Toyota has announced plans to invest £240m ($297m) in its UK-based car plant to enable vehicle production using its new Toyota New Global Architecture (TNGA) platform, while also promoting UK supply chain efficiencies.
It is the latest new investment decision by a major carmaker following last year’s referendum in which the UK voted to leave the European single market and risk the prospect of significant tariffs with its largest trading partner.
Negotiations will begin later this year on the UK’s departure from Europe and Toyota warned that continued free trade was vital for the Burnaston facility.
Johan van Zyl, CEO of Toyota Motor Europe, said: “Our investment demonstrates that, as a company, we are doing all we can to raise the competitiveness of our Burnaston plant in Derbyshire.
“Continued tariff- and-barrier free market access between the UK and Europe that is predictable and uncomplicated will be vital for future success.”

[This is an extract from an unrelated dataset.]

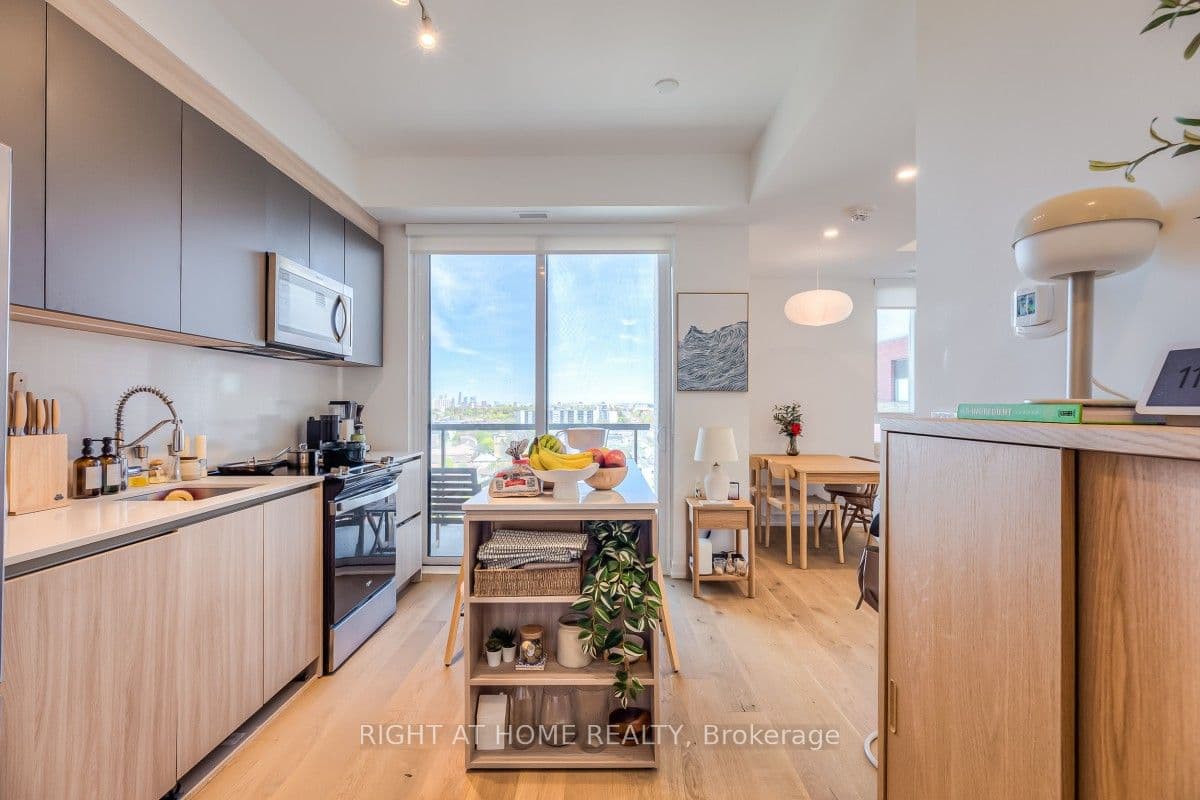 3100 Keele Street 1211, Toronto, ON M3M 2H4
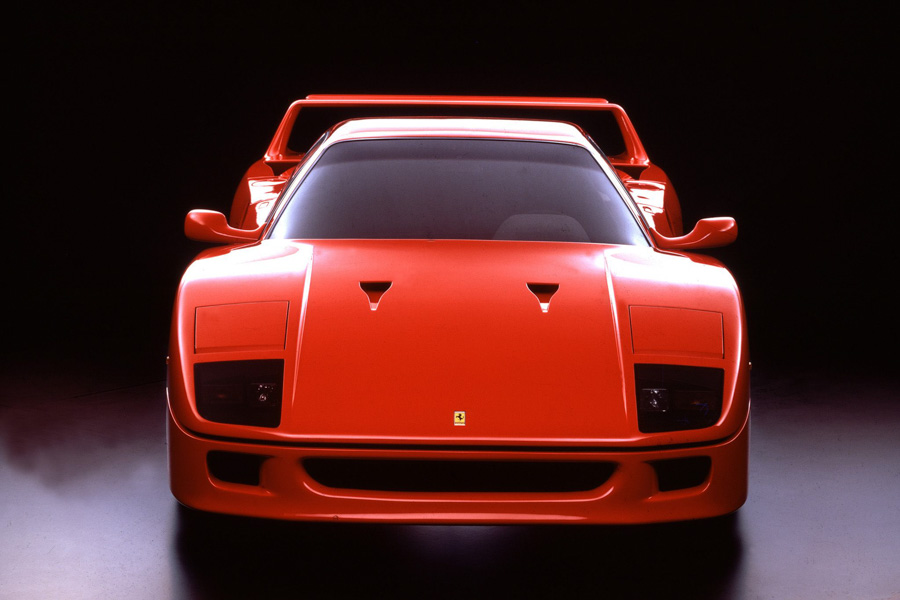Ferrari F40: Siêu xe có thiết kế đẹp qua thời gian - 1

Since the start of production in 1992, the plant has built more than four million vehicles. It was Toyota’s first centre for hybrid vehicle manufacturing in Europe.

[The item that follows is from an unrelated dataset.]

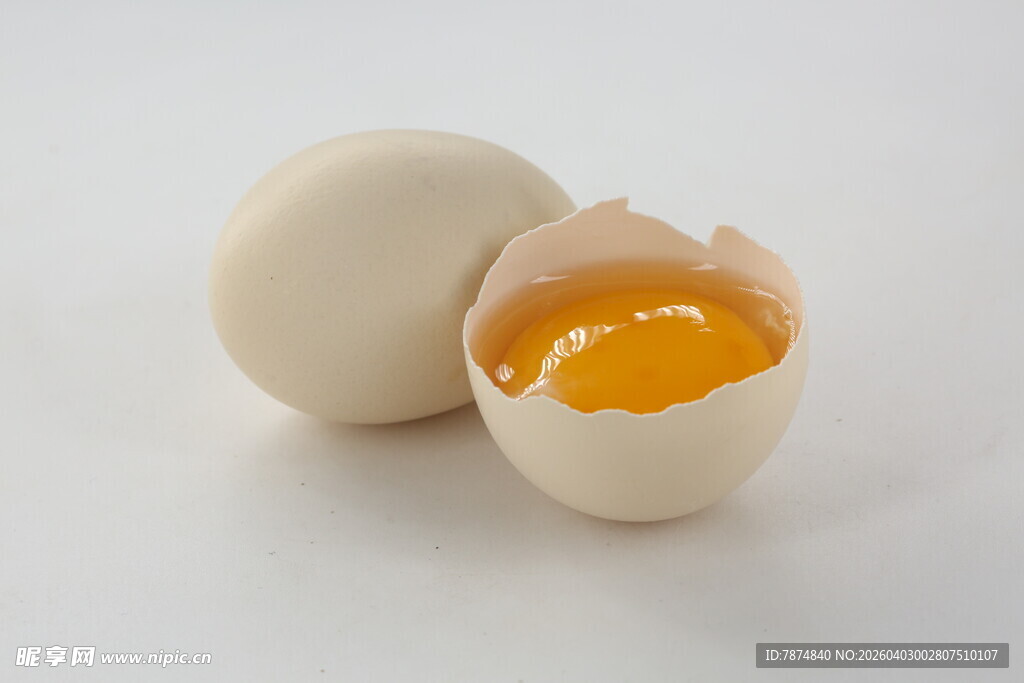 新鲜鸡蛋 蛋黄饱满诱人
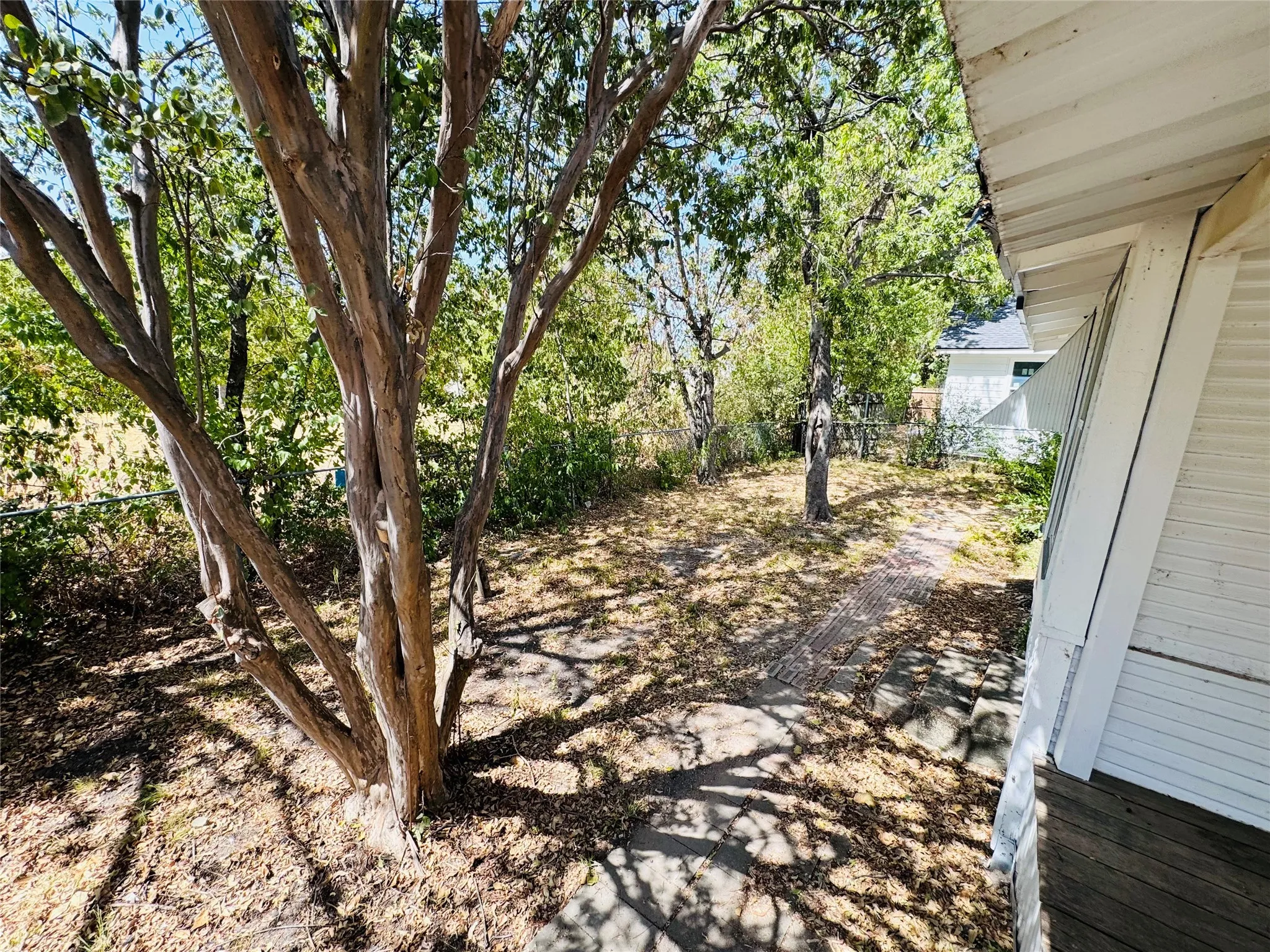 Single Family Residence For Rent in Dallas County , 311 Gibson Street, Mesquite, Texas 75149, 2 Bedroom, 1 Bathroom, Garage spaces, 1,056 Sqft, built in 1950, mls#21407107, Real Estate Agent in Mesquite, Homes For Rent in Dallas county, Homes For Rent in Mesquite, Realtor in Mesquite Texas, Real Estate Brokerage Independent Realty Texas, Luminita Cordes Realtor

Andy Winebloom, section manager for the UK production control kaizen team told Automotive Logistics last year that Toyota’s inbound supply chain to Burnaston is a mix of strong local supply in the UK, combined with an important flow of European and global parts.
He said about 80% of the factory’s needs by volume came from UK supply points, including engines from Deeside. The other 20% is from areas including Turkey, the EU and Japan. This does not reflect the value of these parts.

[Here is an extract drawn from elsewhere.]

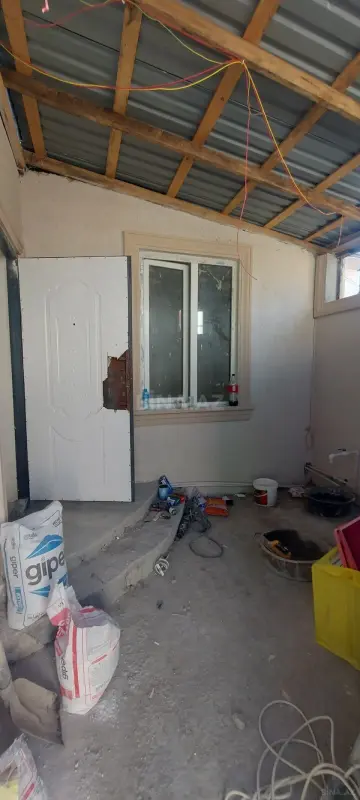 Satılır 4 otaqlı həyət evi 100 m²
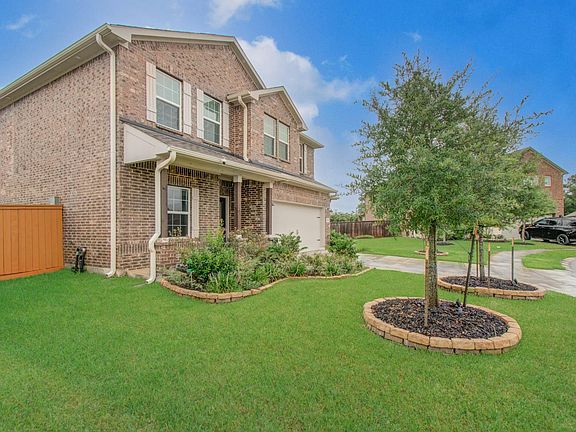 3rd image of 6303 Spanish Moss Dr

Toyota has launched a global programme to upgrade its manufacturing sites to produce TNGA-based vehicles. By 2020, the majority of the company’s global models will be built using the platform.
Toyota currently uses more than 100 uniquely modified platforms and sub-platforms, and 800 powertrains, including engines modified to fit those different platforms. But, with TNGA, just five layouts will be needed for the whole range, from compact sports cars to SUVs, says the company.
It is already used in the fourth generation Prius and the Toyota C-HR crossover, which is built in Turkey.
Starting this year, the Burnaston facility will be progressively upgraded with new equipment, technologies and systems, according to the carmaker, allowing for production under the TNGA platform.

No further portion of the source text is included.